Published online by Cambridge University Press: 22 September 2009
The relations between time scales of development, particularly microdevelopment and macrodevelopment, remain largely unexplored, both theoretically and empirically. How do processes in real time affect the laying down of shape and structure over developmental time? How do momentary events create novel forms or patterns that last for years or even a lifetime? The opposite causal direction is just as mysterious. How do longstanding patterns, only visible on a developmental scale, influence activity in real time, and very often in a way that serves to further entrench those patterns? Like the activity of a sculptor, small movements create lasting form that directs subsequent movements, as the sculptor comes to recognize the shape to which the medium gives rise. Yet there is no sculptor. Development may better resemble M. C. Escher's famous lithograph of two hands drawing each other: the form creates itself.
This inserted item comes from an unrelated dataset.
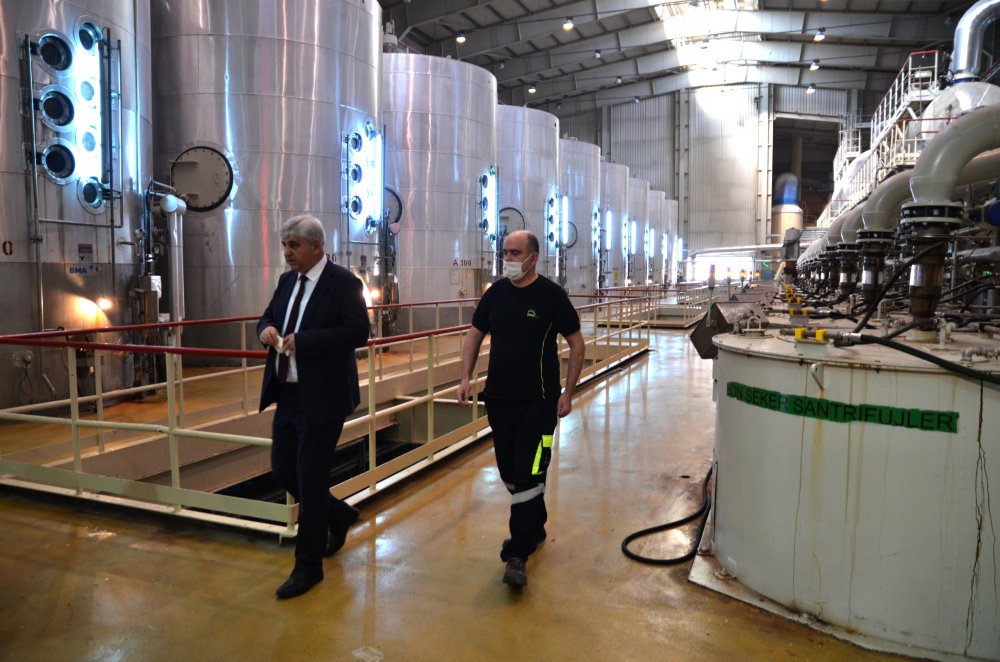 Konya Şeker'de tarladan sofralara 'tatlı' telaş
One of the most serious conundrums for cognitive developmentalists has been the integration of time scales of learning and development. When learning and development are simply viewed as different amounts of the same thing, theorists fail to look for the transformations through which they are related (Lerner, 1995). Conversely, when they are considered incommensurable, theorists tend to dismiss one and concentrate on the other rather than recognize their intrinsic complementarity (Granott, 1998). When learning and development are viewed as distinct yet complementary, their relationship is often assumed to be unidimensional and context-free, a perspective that obscures the multiple, nonlinear pathways that connect them (Fischer & Granott, 1995).